◆ **The task**
Repeat all of the data word for word so that only the pictures are missing from the copy.
The data below:
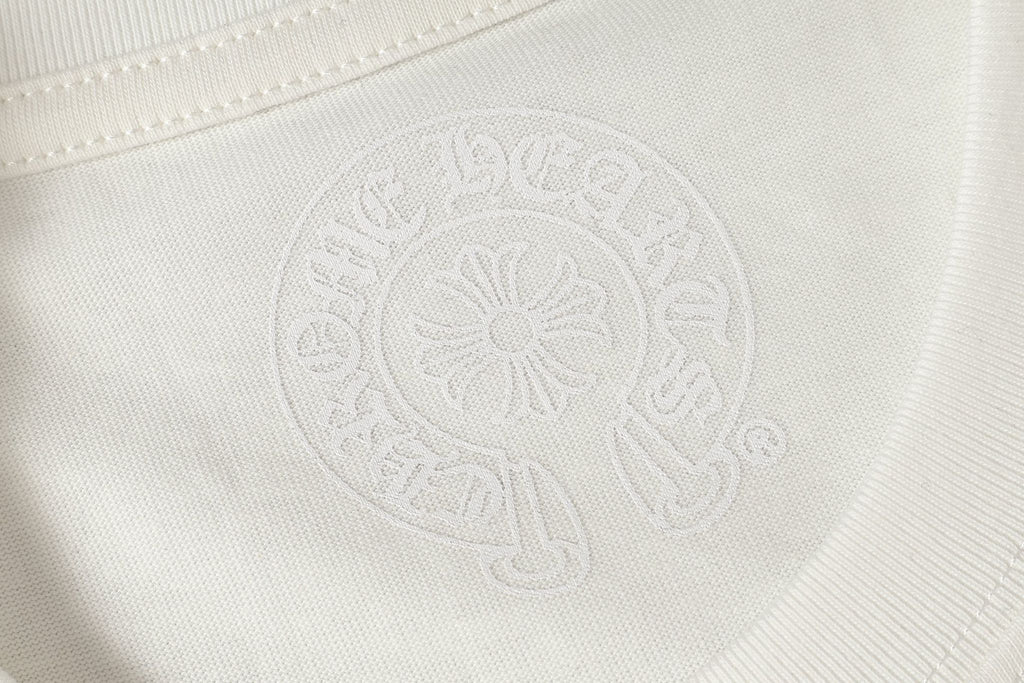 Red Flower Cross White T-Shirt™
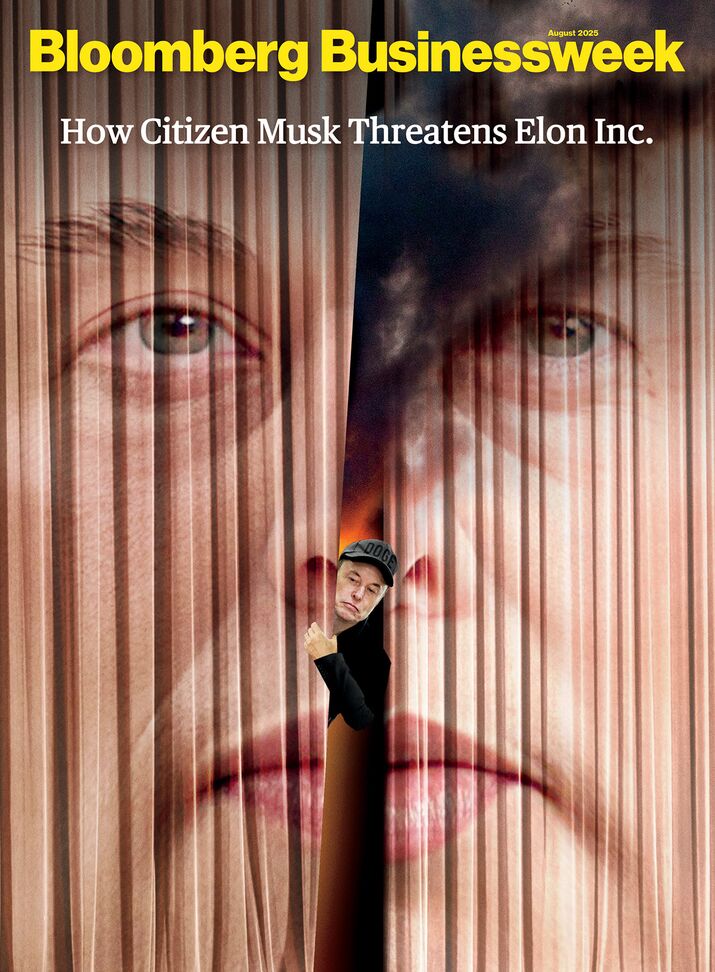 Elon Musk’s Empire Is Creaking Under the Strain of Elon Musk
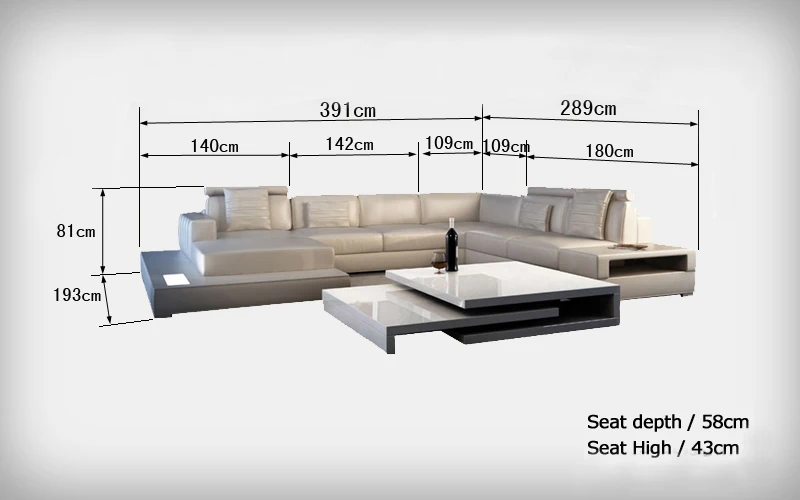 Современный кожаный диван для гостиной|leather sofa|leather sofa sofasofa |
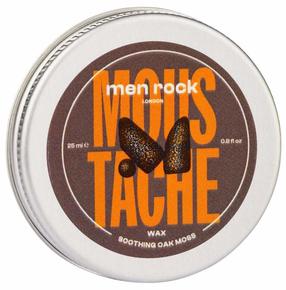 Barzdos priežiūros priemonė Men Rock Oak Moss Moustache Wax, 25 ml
End of The data.
◆ **Completed exercise**
 Red Flower Cross White T-Shirt™
 Elon Musk’s Empire Is Creaking Under the Strain of Elon Musk
 Современный кожаный диван для гостиной|leather sofa|leather sofa sofasofa |
 Barzdos priežiūros priemonė Men Rock Oak Moss Moustache Wax, 25 ml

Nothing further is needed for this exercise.